======== DATA SECTION

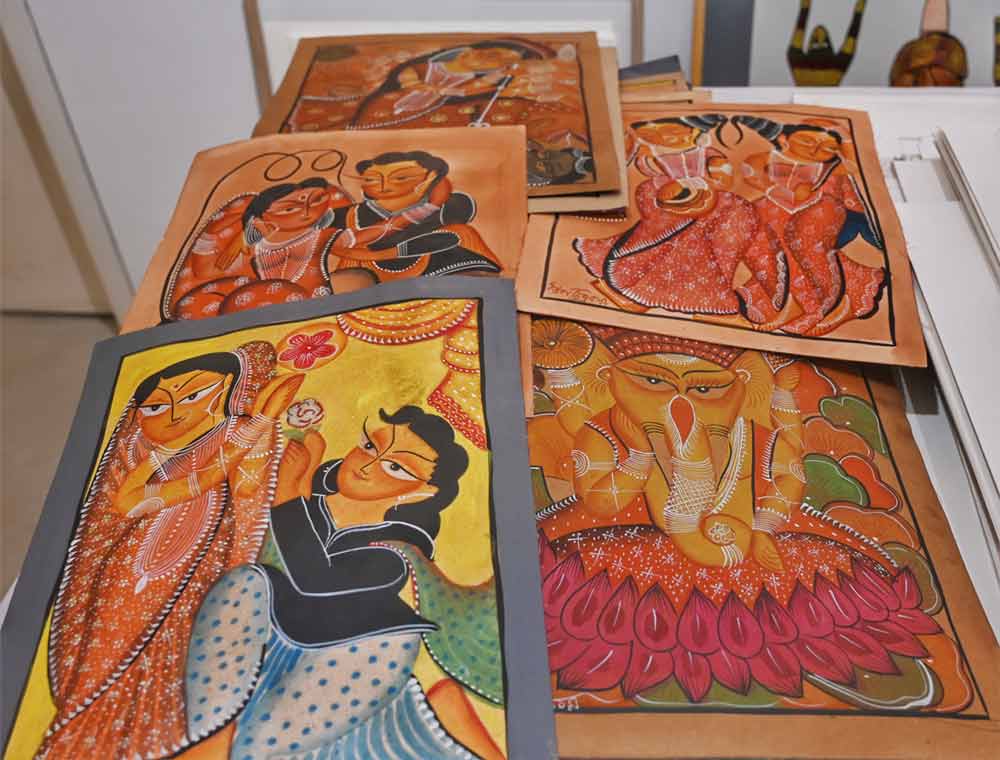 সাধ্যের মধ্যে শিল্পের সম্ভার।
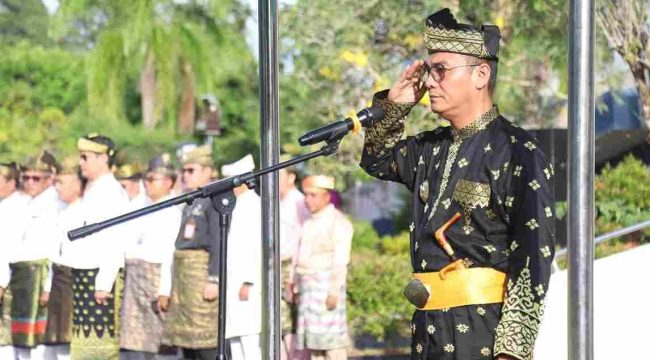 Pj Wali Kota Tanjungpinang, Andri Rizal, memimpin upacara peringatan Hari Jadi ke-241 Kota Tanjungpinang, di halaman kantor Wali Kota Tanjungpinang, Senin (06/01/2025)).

================
======== DATA SECTION

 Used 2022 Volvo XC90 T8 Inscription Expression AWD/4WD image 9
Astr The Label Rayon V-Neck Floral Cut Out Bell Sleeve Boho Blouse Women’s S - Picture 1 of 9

================
======== DATA SECTION

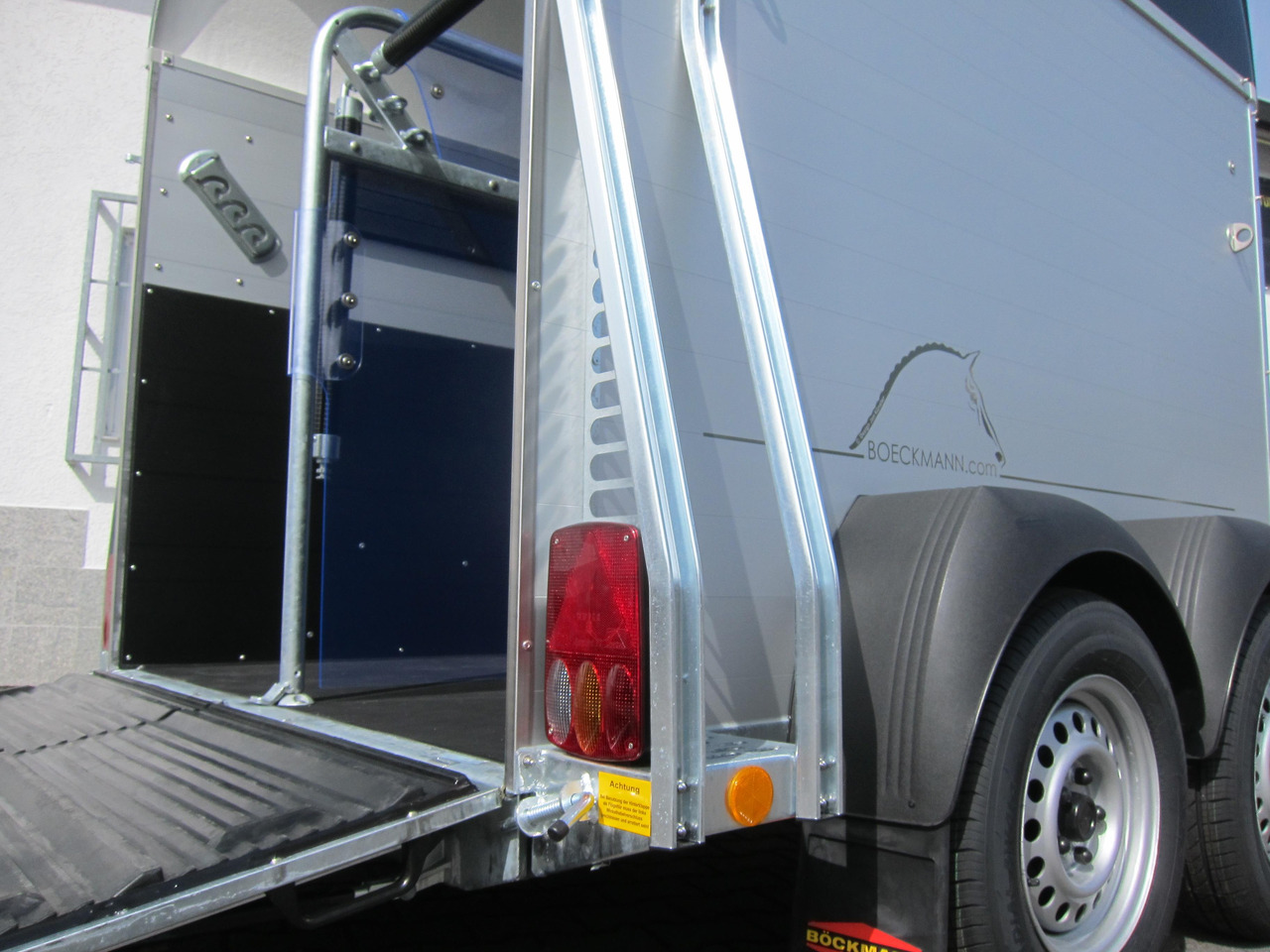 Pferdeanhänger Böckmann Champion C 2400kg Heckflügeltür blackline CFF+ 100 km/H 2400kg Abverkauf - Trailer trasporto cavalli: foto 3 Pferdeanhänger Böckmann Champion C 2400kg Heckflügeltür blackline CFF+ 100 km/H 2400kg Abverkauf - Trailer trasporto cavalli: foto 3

================

▸ **PROBLEM REQUIREMENTS**: Exactly the lines starting at the one above with "সাধ্যের মধ্যে শিল্পের সম্ভার।" and ending at the one with "Pj Wali Kota" should be printed, and nothing else. Omit the pictures.

▸ **TASK OUTPUT**:
 সাধ্যের মধ্যে শিল্পের সম্ভার।
 Pj Wali Kota Tanjungpinang, Andri Rizal, memimpin upacara peringatan Hari Jadi ke-241 Kota Tanjungpinang, di halaman kantor Wali Kota Tanjungpinang, Senin (06/01/2025)).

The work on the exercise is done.